Work order: When you reach the line holding "3 Bedroom Property", please begin to restate the lines word for word and continue through the last one in the material, excluding pictures.

Given information:
====================
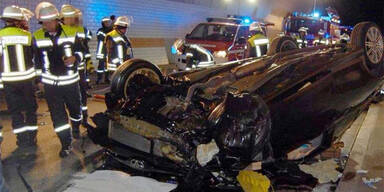 Irrer Looping-Crash in Autobahntunnel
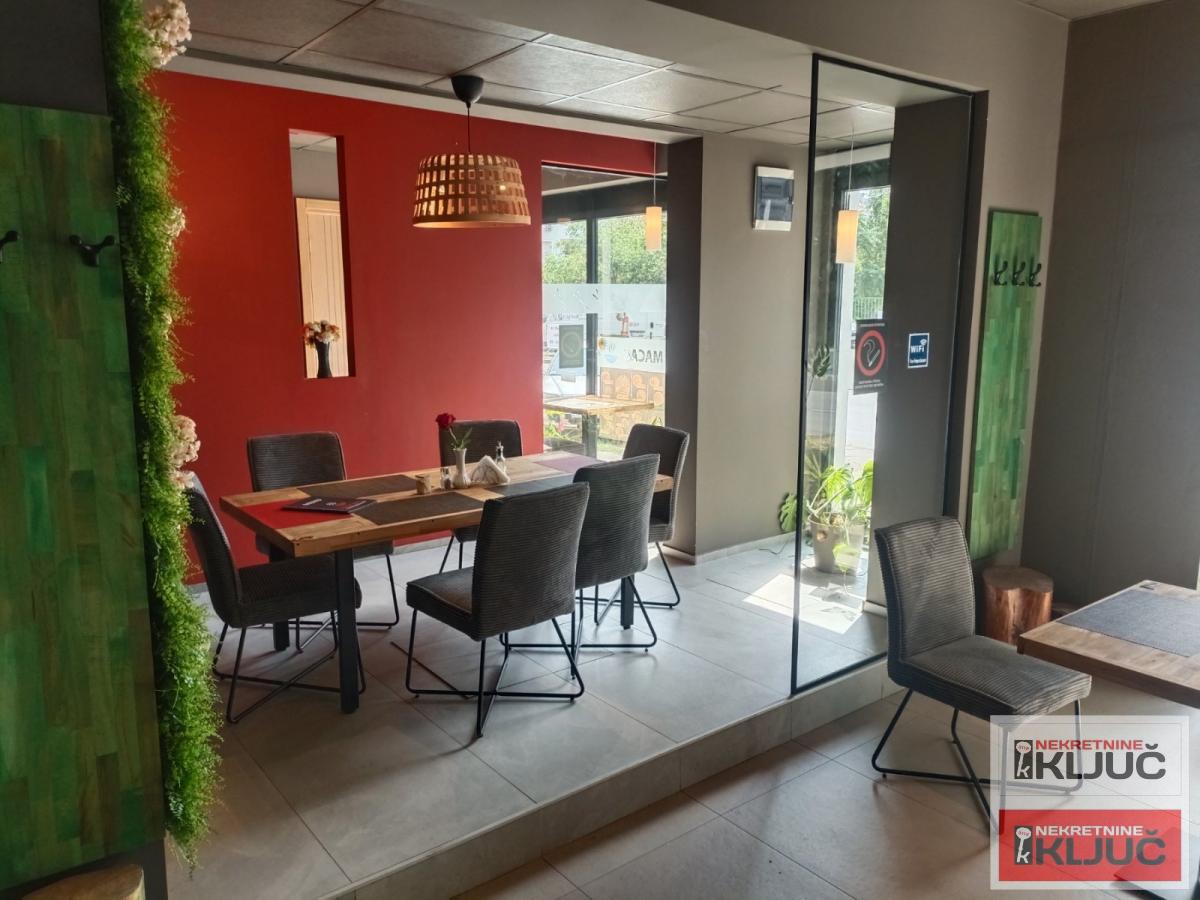 SAJAM IZDAJE SE  OPREMLJEN LOKAL ZA  RESTORAN ILI RAZNE DRUGE DELATNOSTI 23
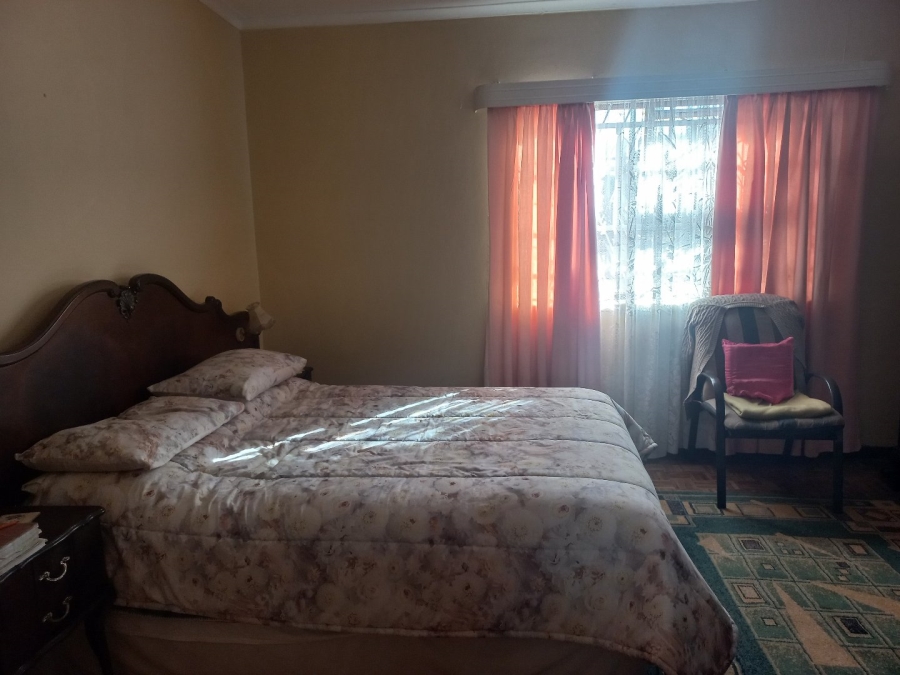 3 Bedroom Property for Sale in Charlesville Western Cape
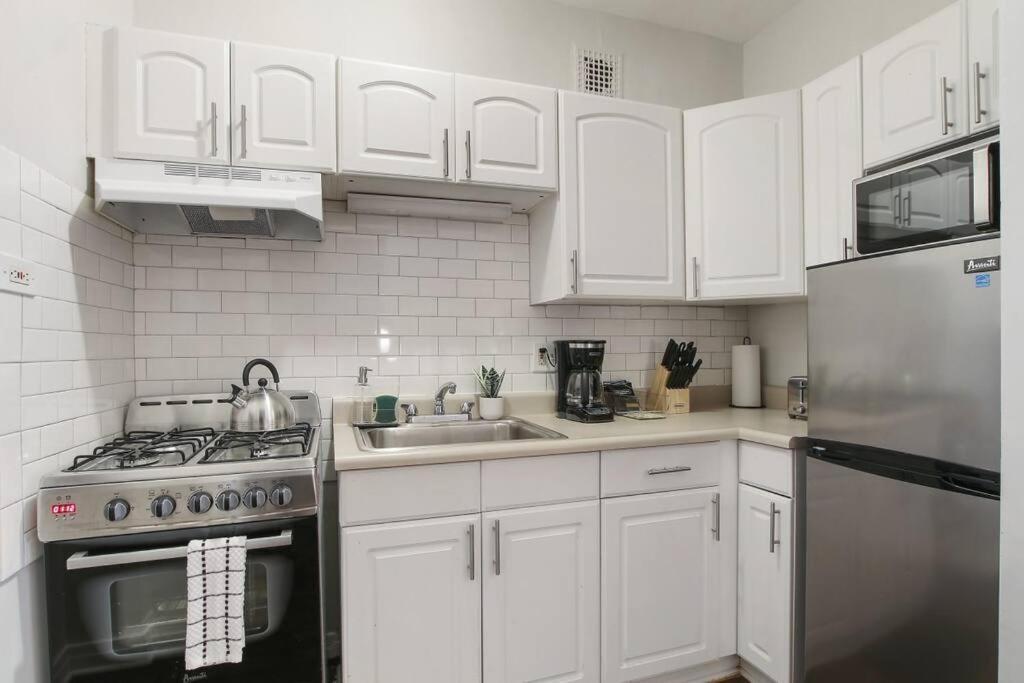 Comfortable Minimalist - Dorchester 203 Apartment *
====================
Output:
 3 Bedroom Property for Sale in Charlesville Western Cape
 Comfortable Minimalist - Dorchester 203 Apartment *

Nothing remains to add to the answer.